It is worth briefly considering here why these prosocial emotions and motivations should emerge so early in development. Evolutionary theory and anthropological evidence indicate that young children’s prosocial behaviors (such as hauling water or collecting firewood) contribute nonnegligibly to their groups’ subsistence (Warneken, 2015). Accordingly, children are motivated to be prosocial from a young age (Warneken & Tomasello, 2009a).
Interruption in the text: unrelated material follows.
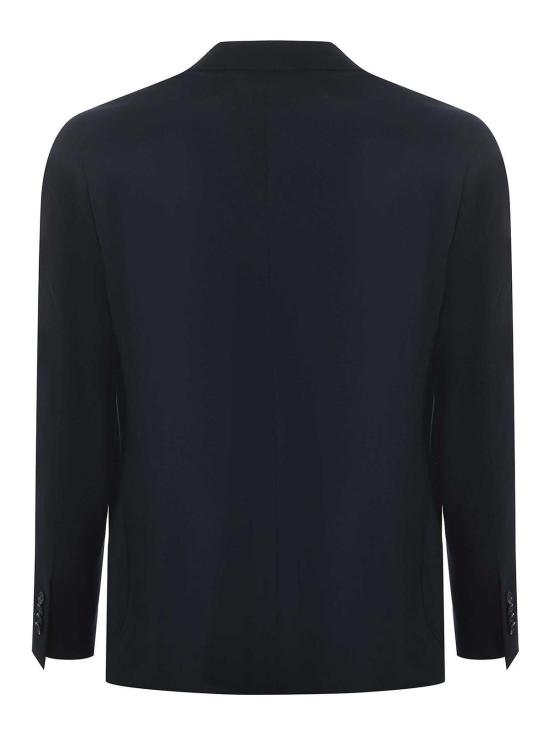 25FW 딸리아토레 수트 자켓 1SMC22K550042B1110 Blue - TAGLIATORE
The research on prosocial emotions reviewed here suggests that around 2–5 years of age, when children start to be weaned (Dettwyler, 2004), become more independent from their caregivers, and increasingly interact with and rely on nonrelatives and peers, their prosocial motivations become remarkably sophisticated, consisting not only of concern for others’ welfare but also of more nuanced concerns for safeguarding their own prosocial interactions and distinguishing reliable, trustworthy partners from unreliable, untrustworthy ones. We propose that these rather advanced prosocial motivations mean that young children support not only their groups’ subsistence but also their prosocial relationships with nonkin that are so vital for large-scale human societies. Prosocial emotions allow young children to uphold prosociality itself.
In the remainder of this article, we discuss the implications of and challenges to this conclusion, and some of the pressing future directions we see for this work.
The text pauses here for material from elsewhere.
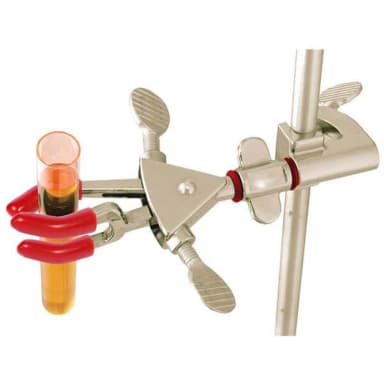 30392230 Clamp, Multi Purpose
What Develops? A Novel Theoretical Proposal
It is well established that even very young children help and cooperate with others and do so across cultures, thus providing evidence for an early emerging and intrinsic prosocial motivation (see Callaghan et al., 2011; Hepach et al., 2012; Kärtner, 2018; Warneken & Tomasello, 2009a). During the second and third years of life, as children’s helping becomes more robust, their intrinsic prosocial motivation becomes increasingly flexible. Situations that evoke gratitude motivate children to not only want to see their benefactor being helped but to provide the help themselves, and their physiological arousal remains high when someone else provides that help. Similarly, guilt-inducing situations motivate children to actively remedy the harm that they caused, and their physiological arousal remains high when they cannot do so. This pattern of results suggests that children are sensitive to situations in which not actively helping could disrupt their prosocial relationships. Harming others and being helped thus change the motivation underlying toddlers’ helping.
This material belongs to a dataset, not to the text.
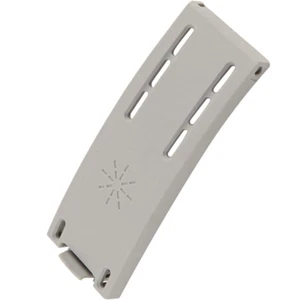 Tapa detergente enjuague lavavajillas Siemens Nef Bosch 00611575/ - Imagen 1 de 8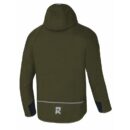 Softshell-jakk Rewelly AIR_3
At the same time, during the first 3 years of age, children’s helping behavior may not yet be affected by guilt- and gratitude-like situations. This changes around 3 to 4 years of age, when children increase their prosocial behavior towards those whom they harmed and those who meant them well. One explanation for this developmental progression is that children become increasingly adept at acting on their motivations and in knowing how and whom to help (i.e., what constitutes appropriate help) in various situations. These advances are likely the result of developing skills, gathering experience, and receiving social guidance (Warneken & Tomasello, 2009a). Additionally, children become increasingly aware between these ages that they are being seen and evaluated by others and that their behaviors convey important social information to others (Engelmann & Rapp, 2018; Vaish & Tomasello, 2014). For instance, 3-year-olds engage in some self-presentation behaviors such as lying after cheating (Evans & Lee, 2013) and increasing their prosocial behavior under cues of being observed (Kelsey, Grossmann, & Vaish, 2018), perhaps to present themselves in a positive light. Children of this age may thus begin to recognize the importance of showing one’s commitment to others, such as by repairing harm that one caused or reciprocating help one received. This may turn the intrinsic motivations to repair and reciprocate seen at 2 years of age to the overt reparative and reciprocal actions seen around 3 years of age.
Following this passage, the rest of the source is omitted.